Very clean, clear and easy to follow great video!
Thank you for the explanation, I am now learning J1939 Can for fleet management.
So the best practice to extract data from vehicle is to log it first, decode and decide what data that we need to extract?
Our recommendation is at least that you should start by "logging everything" during an initial evaluation period. You can then DBC decode the data and review what CAN IDs you can decode and which of them contain data that is relevant to your use case. All irrelevant CAN IDs can be filtered out via the CANedge configuration. For the remaining relevant CAN IDs, we then suggest to evaluate what frequency you need the data at. For example, Engine Speed is typically broadcast at 500-1000 Hz on the CAN bus, but most use cases need it at only 1-10 Hz. By using our prescalers to handle this on the device you can typically reduce your data size by 95%+ without loosing relevant information.

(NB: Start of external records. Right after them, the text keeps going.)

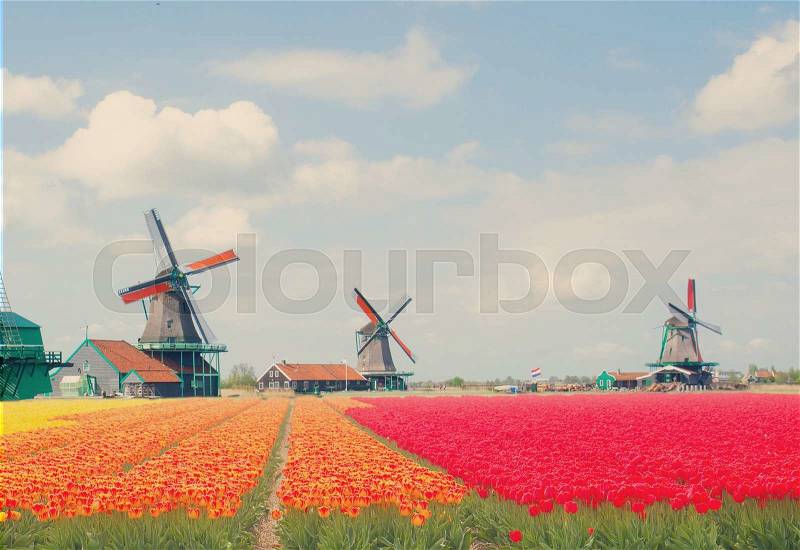 Dutch windmills over tulips field in sunny day, Holland, retro toned, stock photo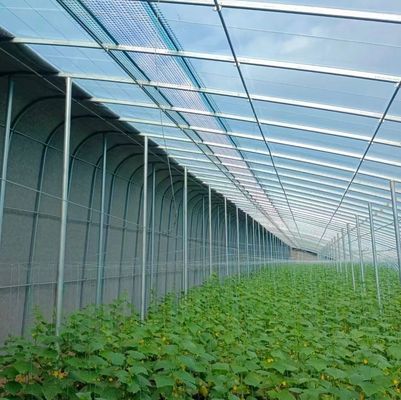 Transforme sua experiência agrícola com o sistema de hidroponia de tomate, pepino e morango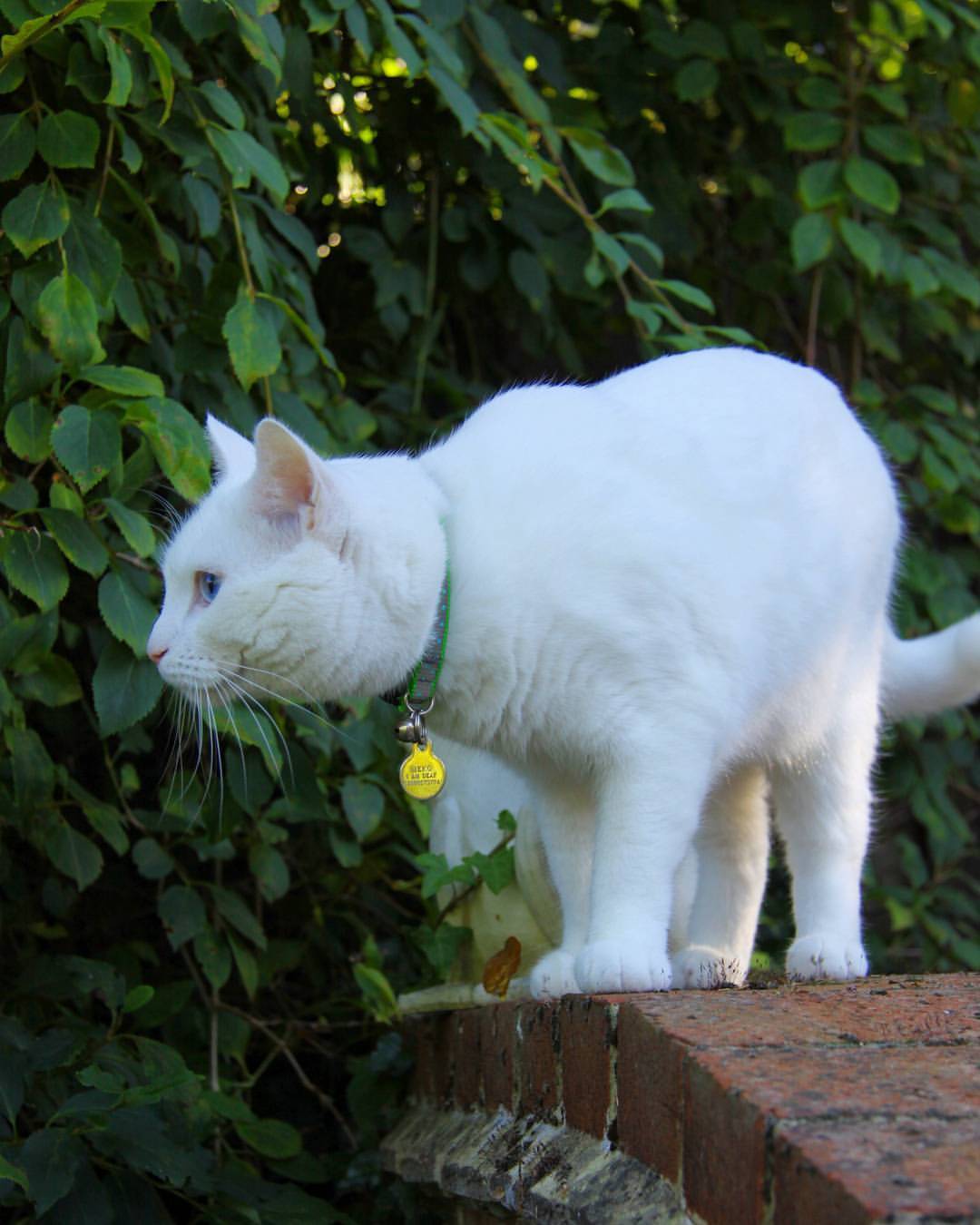 🐱🐱🐱    #meko #catstagram #catsofinstagram #whitecat #garden #cute #furbaby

Awesome video, thanks for sharing
Wonderful understanding ...
Well detailed, thank you i learned a lot from this video
Glad to hear Rayen!
Thank
Hello,
Could you tell me please if I want to reprogram a tractor display to add one more language to it how can I start?
I don't have any experience in programming but now I want to learn.
Could you tell me some instruction?
Thank you!Very useful!
Thank you!
What it means the code MpJ1939? (In this case i want to know about "Mp" that is included)
Let us know if you have any questions regarding the J1939 protocol!
how do I connect to the 3 pin connector via diagnostics. I have 493033 data link connector from Cummins inline 7. I cannot find any tutorials and or anything relative on using this through diagnostic software.
Hi, why J1939 is only used in trucks? it seams to me a good protocol that car manufactures can benefit from too right, given they already have their CAN infrastruture
@@_tranquangtien8854 i know that it is used in fendt tractors too
My truck displays a fault code CAN j1939 active fault.